To the Editor:
In the fall of 1980, the CIA interviewed law students at the University of Michigan for positions within the Agency. The recruiters were met by about fifty demonstrators. One carried a sign which read: “Extend the Gains of the October Revolution to Afghanistan.” That which amused for its idiocy in 1980 now horrifies when one finishes reading Michael Barry’s “Afghanistan—Another Cambodia?” [August]. The October Revolution has swallowed that country, and Mr. Barry’s article reveals just how ghastly that process has been. . . .
There is now a full-fledged peace offensive under way’ in the West. There are negotiations at many levels on a great variety of subjects. There are powerful lobbies pushing nuclear-freeze referenda in California and Michigan. There are weighty statements from groups like the Catholic bishops on the immorality of nuclear weapons. . . . Of the West’s mission, however, there is little news.
For those who focus solely on the GNP and on missile ranges, on pipelines and on IMF credits, the parochial interest is a sufficient compass. If we assure our own security, the reasoning goes, the rest of the world will mend itself in due course. Such a view has no moral anchor.
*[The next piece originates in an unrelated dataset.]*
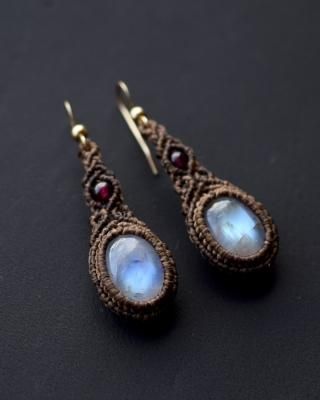 マクラメピアス - 天然石＋マクラメアクセサリーのFreaky Handsフリー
It lacks even the dimmest perception that all these deliberations and policies can make no sense unless they are measured by their effect on the prisoners of Pol-e Charkhi. . . .
Attention to the West’s mission has long been overlooked, but whatever its precise boundaries, it cannot exclude concern for and actions on behalf of the Afghan people. If Mr. Barry’s article produces this recognition in the eyes of only a few, he deserves unique congratulations. It is not an easy thing, after all, to reverse the momentum of abdication.